Wednesday, December 28, 2005

The Four Agreements: A Practical Guide to Personal Freedom - Don Miguel Ruiz

This book was gifted to me this Christmas by a incredible, sensitive soul in Vancouver whom I love…she knows who she is! This is an extremely short read, almost like a quick guide to finding happiness, but much more inspired than the many “self-help in a nutshell” guides you find in the Personal Well-being section of the bookstore these days. I am pretty much open minded to any of these “guides” and usually end up reading both fundamentally soul soothing books as well as the Velveeta ordained ones that just recycle a bunch of known “truths” in a jumbled and inarticulately cheesy mess.

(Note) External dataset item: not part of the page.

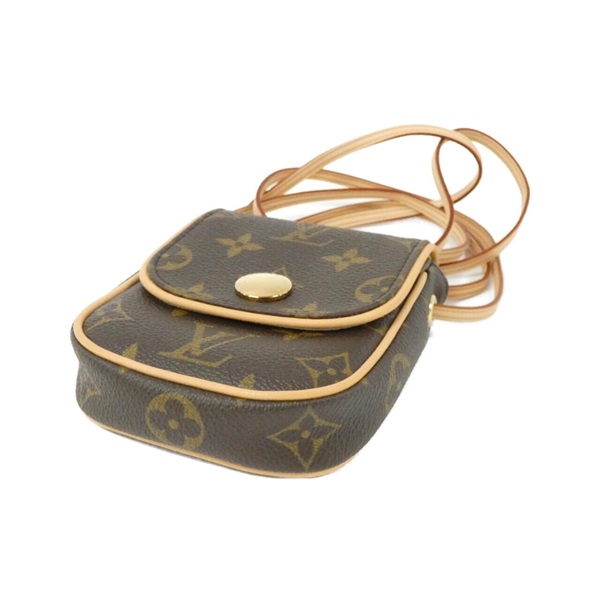 Louis Vuitton モノグラム ポシェット カンクーン M60018 ルイ ヴィトン モノグラム ポシェットカンクーン ブラウン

So why is this one particularly good? I think it’s in the simplicity of what these agreements are trying to help the reader focus on. Also, as with all of these guides, the timing of when you read it and your readiness to receive the information within all plays into the effectiveness of the guide. For me, it seemed to reinforce things that I have been pondering recently, including the paradigms set by your parents early on in your life, thus creating walls of approval and disapproval that you eventually must break down yourself. There are no walls but those that you erect yourself. The only approval required is your own. How simple these concepts but at the same time it is this seeking of approval that results in the deep-rooted insecurities that plague even the most headstrong.


The book focuses on four tenets: impeccability to your word, don’t take things personally, don’t make assumptions, and do your best in everything that you do. I think the one that was most jolting for me was “don’t take things personally”. People’s actions germinate from their own motives and purposes, and even when they seem directed at you, the true instigator is within them. Thus, it doesn’t make sense to take things personally because it’s never about you. In the same way, your own thoughts and actions stem from within and there is no one else to blame for the feelings and emotions you experience except you. Being rather sensitive in general, I think this is one of those tenets that really made me find freedom in the recent past. I realized my sensitive reactions to other people’s actions were misguided and unnecessary, and that I was enslaving myself to guilt and blame. Once you divorce yourself from those two harbingers of pain and self-doubt, there’s this sense of liberation, of bindings slipped off, of tethers untied, and you begin to soar on your own terms.


A big thank you to the beautiful woman who sent this book to me…sending virtual hugs from Hawaii.